Placing the private key in a hardware token, where effectively nobody
can get it (or duplicate the private key) .... then requires change in
tactics. They have to convince you to (physically) mail off the
hardware token along with any PIN ... or get you to use the hardware
token in transactions on their behalf.
Again ... nothing in the uses of private key and/or hardware tokens
for authentication is directly related to certificates. The
certificates paradigm is part of a structure for validating the
results of the authentication .... but is not part of the generation
of the authentication or the authentication taxonomy.
shaheen nasirudheen wrote:
Hello everyone.
Though new to this group, within a short span I understand there are people
who favor single identity and who does not. I also understand that there is
an effort towards standardizing or centralizing PKI among the Financial
Institutions. One such effort is Identrus. Thanks to some of the members of
this group who helped me with good information. However, moving forward,
can I look forward for a single identity that I can use to identify myself
to any public system that require identification and authentication? If
there is an ongoing effort in this regard, please let me know so that I can
participate.
Regards,
Shaheen Nasirudheen
privacy, authentication, identification, authorization
Refed: **, - **, - **, - **, - **
From: Lynn Wheeler
Date: 04/10/2004 05:34 PM
To: "PKIX list" <ietf-pkix@xxxxxxxx>
Subject: privacy, authentication, identification, authorization
basically somebody provides some authentication information, in
public/private key scenario ... a digital signature is generated by a
private key as part of a something you have authentication paradigm.
there could be some certification process where a hardware token is
involved (certifies the operation of specific hardware token analogous
to FIPS or common criteria, not as in a public key certificate issuing
institition), the hardware token is certified as generating (on-chip)

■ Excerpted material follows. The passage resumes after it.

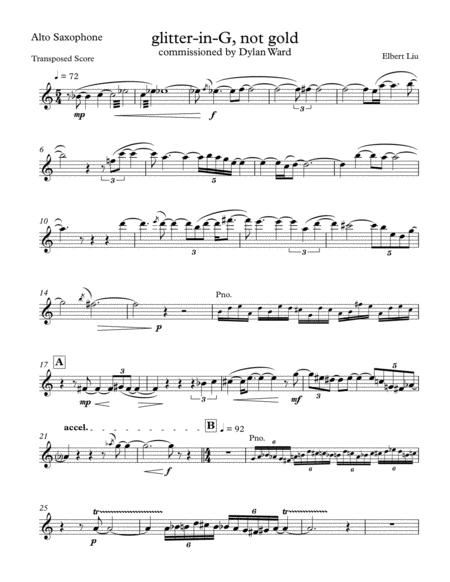 Free Sheet Music Glitter In G Not Gold For Soprano Saxophone Alto Saxophone And Piano Alto Saxophone Part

a key pair where the private key never leaves the chip. the hardware
token could also be certified as generating specific kinds of digital
signature when correct PIN or biometric is presented. with such a
certificate infrastructure .... the relying party might then have
grounds to believe that in addition to something you have, there may
bave been something you know and/or something you are
authentication. This wouldn't be a shared-secret based operation
.... but the relying-party could infer something you know and/or
something you are if it trusted the certification process for the
hardware token operation.
the relying-party then obtains a public-key and validates the digital
signature. the infrastructure for the public-key could be a database
(conforming to most existing business processes for authentication
material) or a certificate (in the PKI model).
the infrastructure typically has bound the public-key to some
identification, index, and/or authorization information. In the case
of identification or index, that information is frequently then used
to lookup some authorization information (i.e. specific identity is
allowed to do specific stuff). A trivial example is a generic employee
certificate ... all it contains is some generic employer information
and the public key, if the digital signature authenticates ... then it
is known that the person is some employee and is entitled to do
whatever generic employees are entitled to do.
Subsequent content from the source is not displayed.